Security is the non-negotiable.

If they want to play with whatever tech tools to get their job done, have at it. They can ask for help when they really need it.

But if they are taking short cuts with the security of the data, that needs to be cracked down on immediately, as they are putting the entire company in jeopardy.

If security is non-negotiable, the only solution is to destroy the data so that it can't be ever recovered by anybody. Or even better not having any data in the first place.

Securing some data is very important. Some data indeed shouldn't exist in the first place. But for a lot of data it matters very little. Most security breaches have rather mild consequences.

Treating all data as megatopsecret and all security breaches as end of the company produces not only unproductive systems, but bad security.

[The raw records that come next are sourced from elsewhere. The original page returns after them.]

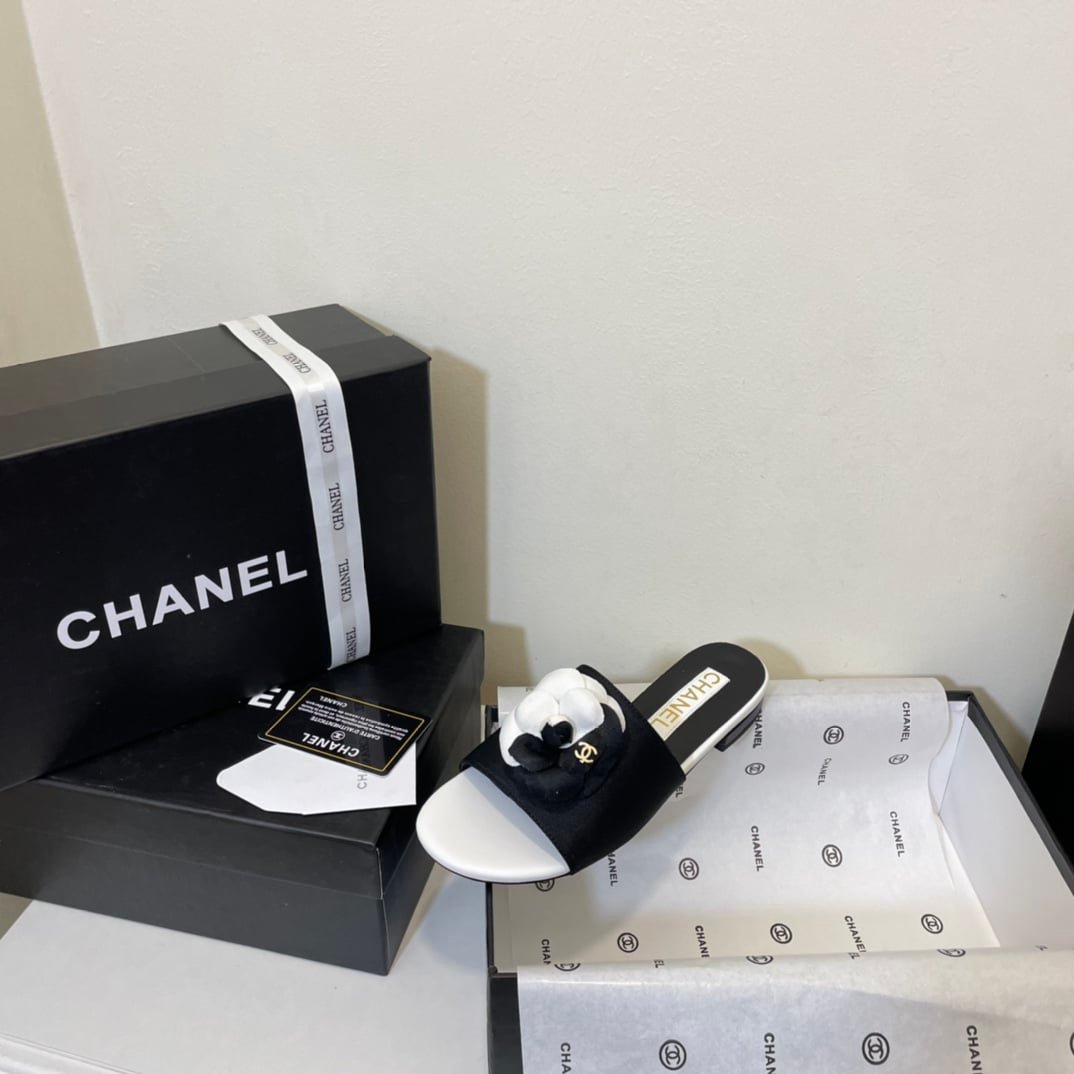 Ch**el Camellia Slides Black White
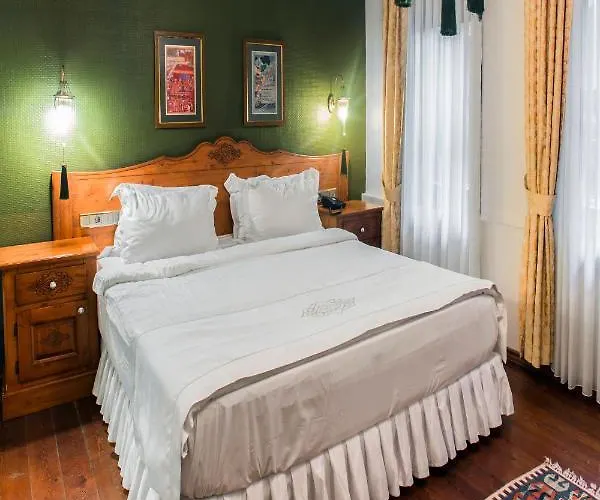 Rose Garden Szálloda 4*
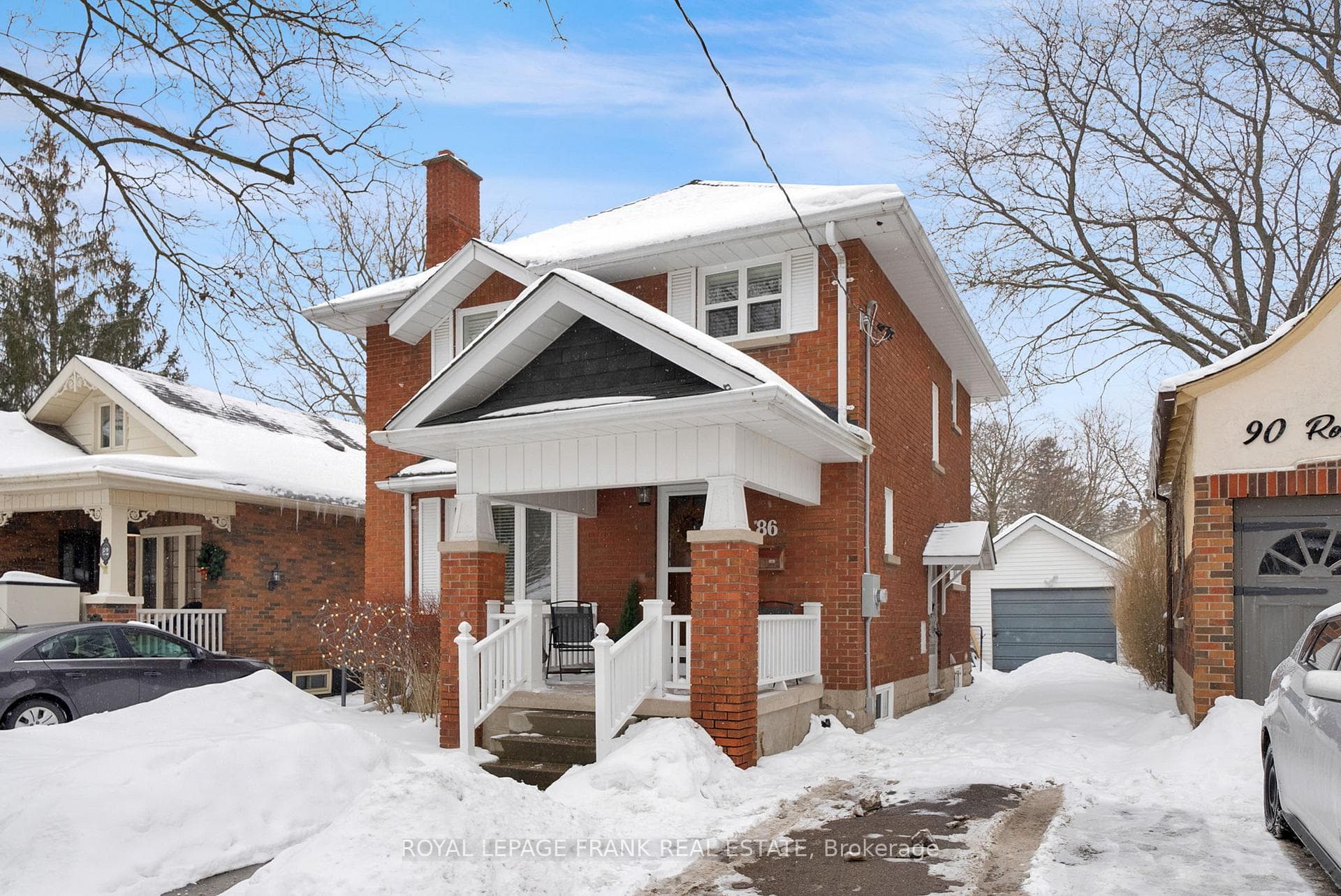 86 Roxborough Avenue photo 35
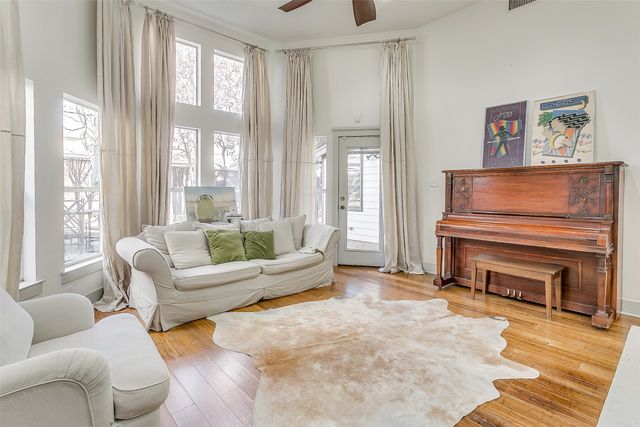 4724 Lafayette Avenue, Fort Worth, TX 76107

Well, I work for a company that processes Private Health Information, so a breach is a potential existential threat.
Breach to private health information that can be linked to an individual more exactly? Is this kind of information all around the organization's computers?
Something that seems often forgotten in these discussions is that it's not just putting the entire company in jeopardy, but the customers, clients, and vendors as well. Security seems to be some magical obstructive force to these people because any concerns besides their own convenience are purely abstract. Well, ask anyone who's had their identity stolen from the hundreds of breaches in the last couple of years if that concern is abstract. Staff who can't see past their own desk to understand the role of security are a serious danger to society.